Syaiful menyebut aksi mogok dan unjuk rasa merupakan jalan terakhir karena negosiasi yang dilakukan dalam rapat tidak menghasilkan keputusan.
Sementara itu, Ketua Komisi IV DPRD Kota Batam, Riky Indrakari mendukung sikap pekerja yang tetap meminta UMK 2012 sama dengan KHL, meskipun usul tersebut ditentang pengusaha yang hanya bisa memberi angka 1,2 juta rupiah.
“Mestinya tidak terjadi deadlock jika pemerintah mau bersikap tegas,” katanya.
Ketua Apindo Kepri Cahya mengatakan, pembahasan mengenai UMK setiap tahun selalu menimbulkan keributan, bahkan tidak jarang menyebabkan demonstrasi dari sejumlah pekerja yang mengakibatkan kerugian bagi pengusaha karena buruh tidak masuk kerja.

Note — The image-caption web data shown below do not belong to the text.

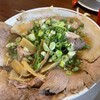 神戸ラーメン 第一旭 三宮西店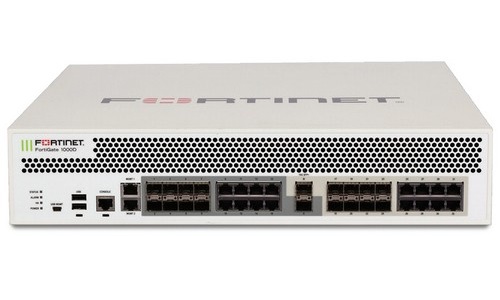 Zapora sieciowa Fortinet FG-1000D FG-1000D by Fortinet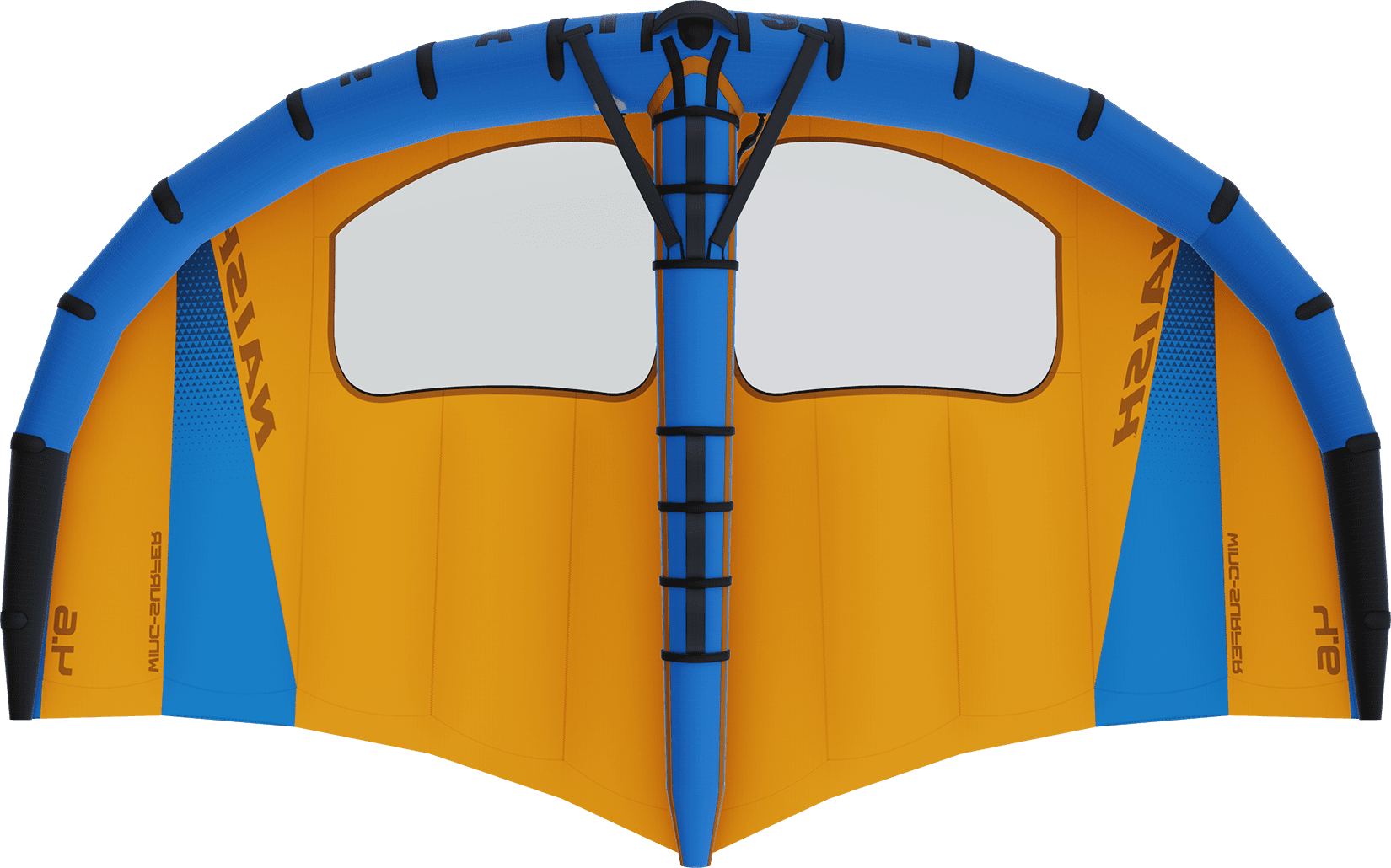 Naish S26 Wing Surfer - Kiteboarding Closeouts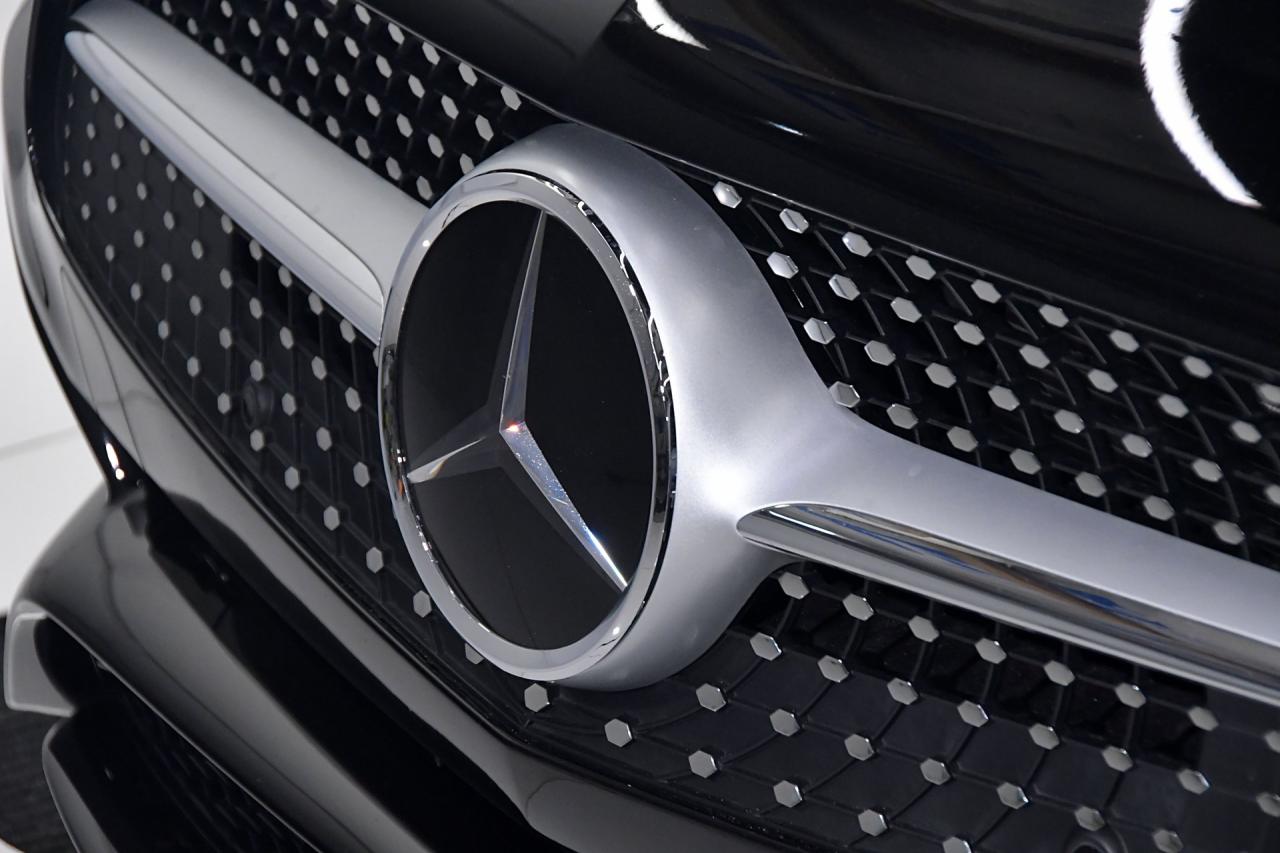2019 Mercedes - Benz SL550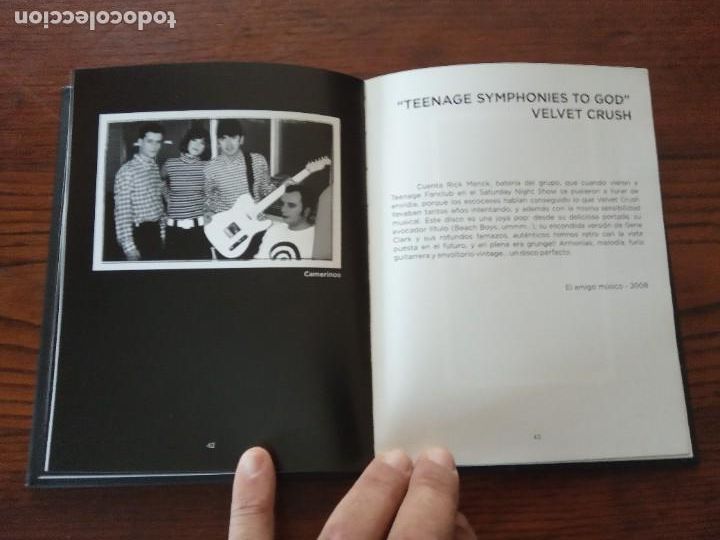Libros de segunda mano: ALEX COOPER: REFLEJOS EN EL RETROVISOR. - Foto 3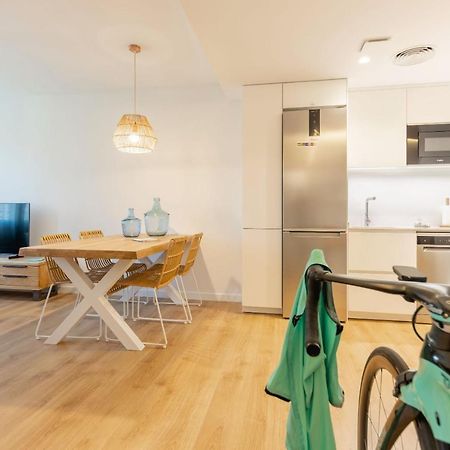 Bravissimo Tarla, 2-Bedroom Apartment Gerona Exterior foto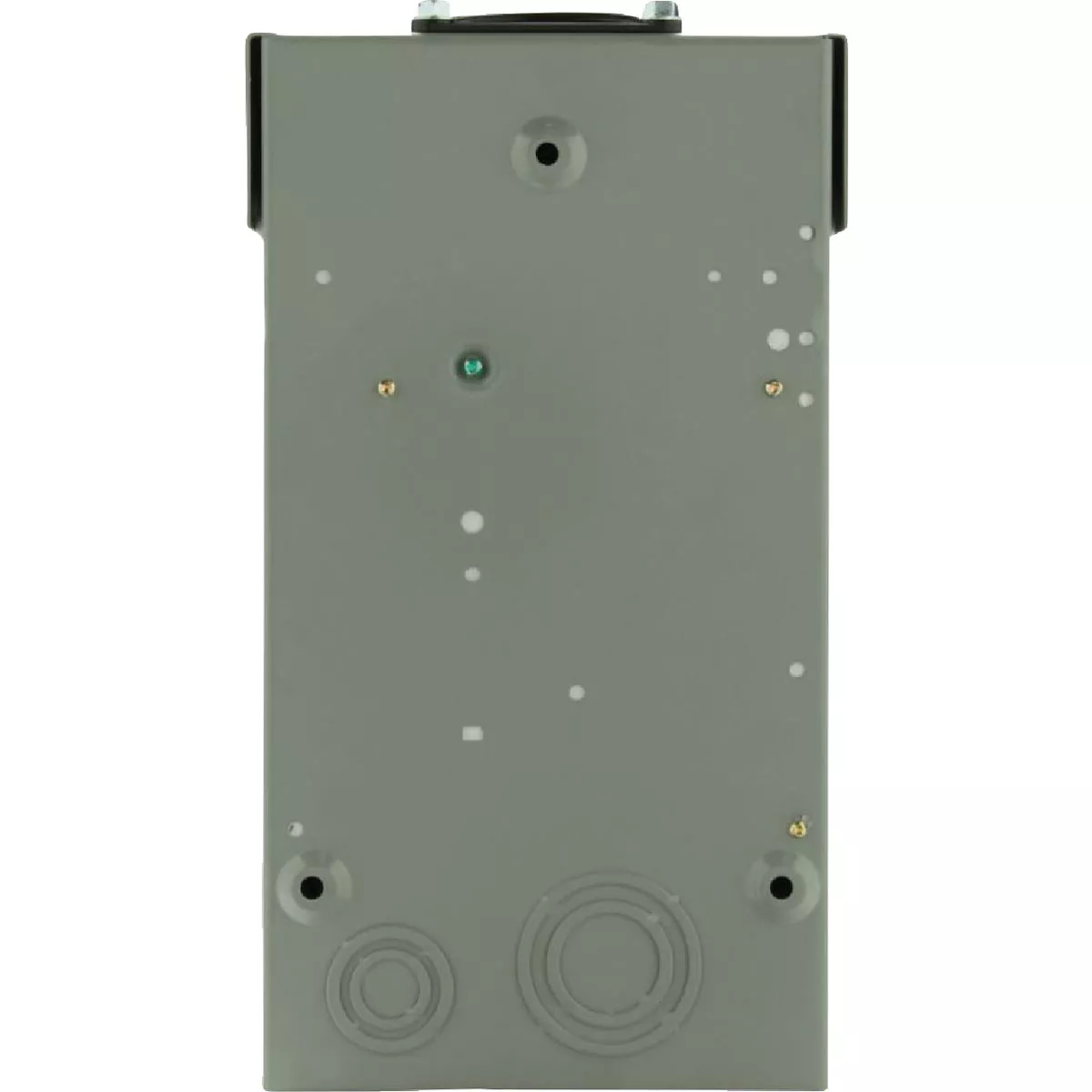 Eaton BR 125A 4-Space 8-Circuit Main Lug Outdoor Load Center - photo 5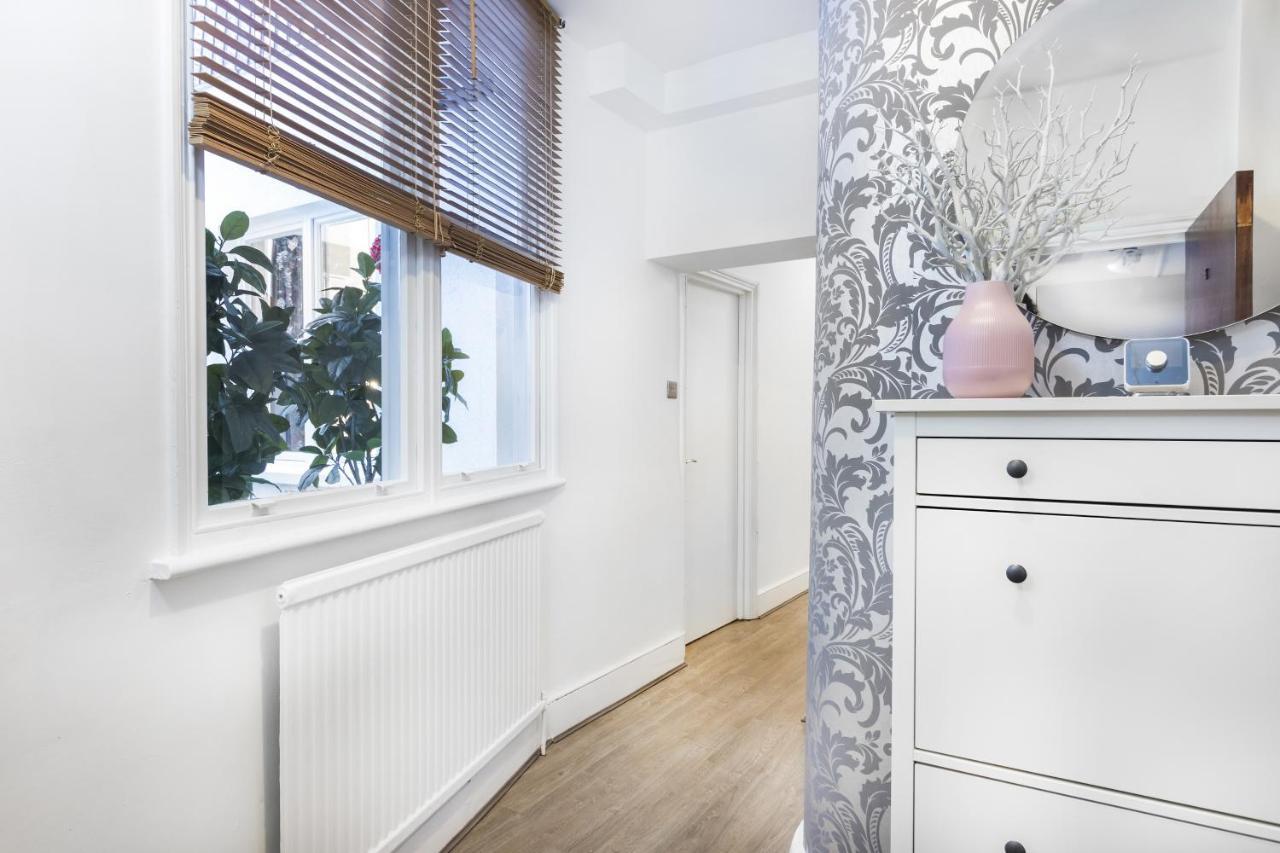 Two Bedroom In Central With Large Terrace Appartement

Kondisi tersebut, kata dia dapat menyebabkan kerisauan bagi para pengusaha di Batam yang sebagian besar merupakan perusahaan asing, sehingga Batam akan semakin sulit menjaring investor baru karena hampir tiap tahun selalu terjadi demo buruh.
Untuk itu, Apindo telah mengusulkan kepada pemerintah formulasi penentuan upah baru yang diharapkan bisa memecahkan masalah dalam penentuan standar upah bagi para pekerja. Dalam formulasi tersebut, nantinya setiap perusahaan akan menentukan upah masing masing menggunakan beberapa asumsi diantaranya, kemampuan perusahaan, produktivitas pekerja, tingkat inflasi dan lainnya.
Produktivitas pekerja di Batam sendiri dinilai masih rendah, misalnya untuk menyelesaikan satu pekerjaan membutuhkan pekerja sebanyak 10 orang sedangkan di Vietnam dan Cina hanya delapan orang. Padahal upah di negara tersebut relatif sama dengan upah yang diberikan di Batam.
Menurut Cahya, mestinya UMK tidak selalu dirubah setiap tahun jika pemerintah daerah bisa menjaga angka inflasi, khususnya menjaga harga kebutuhan pokok, harga rumah dan biaya transportasi agar tidak mengalami peningkatan setiap tahunnya.
“Bila angka inflasi stabil, maka upah tidak perlu dinaikan,” katanya. Untuk itu, pemerintah harus aktif melakukan control harga barang di pasaran dan senantiasa siap melakukan operasi pasar, bila harga kebutuhan pokok di pasaran menunjukan tren peningkatan. (gus).